Any one of the following acts of kindness can be offered during the holidays as 2022 comes to a close. I would emphasize that the first two actions are the most important ways to comfort your friend, and the others that follow can provide comforting opportunities for reaching out over the weeks and into the new year.

  1. First and foremost, invite your friend to get together with you, and during your visit take a moment to sincerely acknowledge their disappointment or loss. Even if you can only spare 30 minutes, you might treat your friend to a warm beverage—or offer a hug. Meeting up in person can make a world of difference for someone who feels lonely and left out after a major letdown. If time allows, spend time for a leisurely meal (home-cooked or out at a cozy restaurant) to provide an opportunity for your friend to talk while you can closely listen. (And by now, of course, we all know that a phone call or Zoom visit is the next best thing if we cannot get together in person.)
  2. Acknowledge your friend’s loss, disappointment, or hardship with a letter or card. It’s validating for someone to recognize, in writing, their frustrating setbacks or painful ordeal.
  3. Invite your friend for a private walk with you in a peaceful natural area. Or take a drive to a special spot with a glorious view. (The Pew Research Center just reported that being in nature is the third most popular way to relieve stress, reflected by 71 percent of Americans.)
  4. Offer enjoyable diversions. Invite your loved one or friend to join you in a Watch Party to share a favorite holiday movie, watch a ball game, or even enjoy a goofy TV series. Or join in games—cards, video games, word puzzles, trivia, Mahjong, and others.
  5. Create and send a thoughtful playlist of music that you feel they would enjoy (perhaps on Spotify). You might title the playlist: “Songs That Make Me Think of You,” or “Music Just for You.”
  6. Make something with your hands. Whether it's a handmade greeting card, your own artwork, a wreath or ornament, a knitted hat, a wood carving, or a beaded gift, your creation shares your unique, personal touch.
  7. Surprise your loved one or friend with a home delivery of something you know they personally adore (delivered with a handwritten note or card, “You deserve this after a crappy 2022")--a basketful of cheeses, a jar of a spicy sauce, muffins, scented candles or soaps, roses, a potted plant, catnip for their cat, or treats for their dog.
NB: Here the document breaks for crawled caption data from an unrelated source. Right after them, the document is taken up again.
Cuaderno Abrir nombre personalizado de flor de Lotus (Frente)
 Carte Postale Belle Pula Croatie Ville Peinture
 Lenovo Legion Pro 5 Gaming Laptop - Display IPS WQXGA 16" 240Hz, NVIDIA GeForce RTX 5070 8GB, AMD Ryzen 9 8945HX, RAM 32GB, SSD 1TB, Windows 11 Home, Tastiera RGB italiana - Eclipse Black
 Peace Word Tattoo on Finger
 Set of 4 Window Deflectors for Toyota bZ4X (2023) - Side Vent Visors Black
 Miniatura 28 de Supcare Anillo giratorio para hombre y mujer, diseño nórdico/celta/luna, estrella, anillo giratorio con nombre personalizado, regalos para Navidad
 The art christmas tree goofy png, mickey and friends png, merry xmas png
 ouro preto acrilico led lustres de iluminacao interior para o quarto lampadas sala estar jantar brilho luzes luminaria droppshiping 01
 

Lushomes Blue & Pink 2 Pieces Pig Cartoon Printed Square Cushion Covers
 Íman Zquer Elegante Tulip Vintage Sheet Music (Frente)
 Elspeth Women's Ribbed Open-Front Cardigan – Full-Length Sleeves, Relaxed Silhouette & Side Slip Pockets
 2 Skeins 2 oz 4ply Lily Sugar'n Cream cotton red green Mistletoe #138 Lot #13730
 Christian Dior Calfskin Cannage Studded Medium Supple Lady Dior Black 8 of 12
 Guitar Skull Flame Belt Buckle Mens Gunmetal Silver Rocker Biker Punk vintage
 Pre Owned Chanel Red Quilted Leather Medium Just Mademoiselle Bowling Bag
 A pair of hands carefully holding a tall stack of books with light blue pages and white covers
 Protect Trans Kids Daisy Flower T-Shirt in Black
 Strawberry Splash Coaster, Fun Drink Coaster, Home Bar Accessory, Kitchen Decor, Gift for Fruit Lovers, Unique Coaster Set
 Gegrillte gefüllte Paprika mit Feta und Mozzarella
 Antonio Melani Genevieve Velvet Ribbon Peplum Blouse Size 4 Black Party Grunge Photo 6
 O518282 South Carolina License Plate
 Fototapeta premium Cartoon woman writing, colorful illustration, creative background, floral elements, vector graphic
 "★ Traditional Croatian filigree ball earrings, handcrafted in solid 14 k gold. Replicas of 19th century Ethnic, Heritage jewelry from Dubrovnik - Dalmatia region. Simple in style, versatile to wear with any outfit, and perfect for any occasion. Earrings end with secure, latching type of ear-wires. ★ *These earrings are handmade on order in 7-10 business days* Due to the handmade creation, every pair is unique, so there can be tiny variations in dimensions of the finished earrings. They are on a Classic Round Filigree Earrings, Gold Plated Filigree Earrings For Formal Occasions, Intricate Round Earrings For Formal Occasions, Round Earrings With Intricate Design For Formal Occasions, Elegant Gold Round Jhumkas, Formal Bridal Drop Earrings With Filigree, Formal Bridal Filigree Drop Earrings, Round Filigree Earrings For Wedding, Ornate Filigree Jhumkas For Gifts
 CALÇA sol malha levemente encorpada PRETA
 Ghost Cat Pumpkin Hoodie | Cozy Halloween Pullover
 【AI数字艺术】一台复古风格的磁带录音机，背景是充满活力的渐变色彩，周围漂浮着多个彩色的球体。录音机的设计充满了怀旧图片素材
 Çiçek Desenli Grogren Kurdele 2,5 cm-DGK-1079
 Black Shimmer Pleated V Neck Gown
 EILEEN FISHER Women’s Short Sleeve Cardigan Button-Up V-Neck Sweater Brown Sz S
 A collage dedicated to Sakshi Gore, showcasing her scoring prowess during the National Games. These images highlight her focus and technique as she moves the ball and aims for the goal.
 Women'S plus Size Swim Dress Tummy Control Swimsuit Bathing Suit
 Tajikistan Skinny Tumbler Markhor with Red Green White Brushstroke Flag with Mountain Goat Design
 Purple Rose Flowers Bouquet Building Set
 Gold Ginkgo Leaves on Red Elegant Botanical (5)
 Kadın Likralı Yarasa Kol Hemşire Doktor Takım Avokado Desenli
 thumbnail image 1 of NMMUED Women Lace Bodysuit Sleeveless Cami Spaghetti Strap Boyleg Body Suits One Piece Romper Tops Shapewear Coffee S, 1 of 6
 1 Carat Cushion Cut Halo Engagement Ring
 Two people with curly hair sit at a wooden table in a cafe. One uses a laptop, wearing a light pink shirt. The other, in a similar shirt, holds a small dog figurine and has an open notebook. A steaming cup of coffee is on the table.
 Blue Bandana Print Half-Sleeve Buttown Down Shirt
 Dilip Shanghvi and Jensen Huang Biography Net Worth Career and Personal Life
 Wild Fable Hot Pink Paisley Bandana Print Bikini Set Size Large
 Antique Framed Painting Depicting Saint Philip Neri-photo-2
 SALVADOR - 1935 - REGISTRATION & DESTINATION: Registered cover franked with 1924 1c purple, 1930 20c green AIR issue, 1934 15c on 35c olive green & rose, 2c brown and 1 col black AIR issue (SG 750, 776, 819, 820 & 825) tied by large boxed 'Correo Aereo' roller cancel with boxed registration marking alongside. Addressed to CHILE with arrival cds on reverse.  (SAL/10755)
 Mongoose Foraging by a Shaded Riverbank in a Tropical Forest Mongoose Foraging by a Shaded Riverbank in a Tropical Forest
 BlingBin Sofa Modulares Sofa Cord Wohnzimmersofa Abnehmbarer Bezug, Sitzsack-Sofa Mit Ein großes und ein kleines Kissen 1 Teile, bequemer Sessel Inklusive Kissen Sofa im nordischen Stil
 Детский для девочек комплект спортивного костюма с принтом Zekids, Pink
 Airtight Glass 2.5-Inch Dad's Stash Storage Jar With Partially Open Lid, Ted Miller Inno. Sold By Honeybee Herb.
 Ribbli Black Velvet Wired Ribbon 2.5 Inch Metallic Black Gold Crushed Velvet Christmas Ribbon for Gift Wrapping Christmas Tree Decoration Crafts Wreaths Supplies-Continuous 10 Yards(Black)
  8. Send a collection of photos or memorabilia (“I’ll never forget that day…”) that are meaningful to them, either in an email or as a snail mail gift as a scrapbook.
  9. Send your friend tickets to a ball game or concert, with an invitation to join you for the upcoming event.
  10. Send a sincere letter of gratitude for their love and support of you.
  11. Invite your friend to an upcoming social gathering in the new year. And if you have a dog or cat, your friend can just visit you and enjoy your pet at your home.
  12. Give your friend a gift card for a “spa day” or manicure, massage, facial, or another healing treatment.

Is there anything else comforting that I didn’t mention here? Of course, there is much more—and the list is endless. Hopefully, these 12 ways of comforting can inspire you to take action this holiday season. Or maybe there is something truly comforting you are already doing for someone—and it feels good, right down to your bones, just thinking about it. Indeed, 2022 may have been rough for you, too, and giving comfort to others is comforting you while we all close out this year with hope and joy.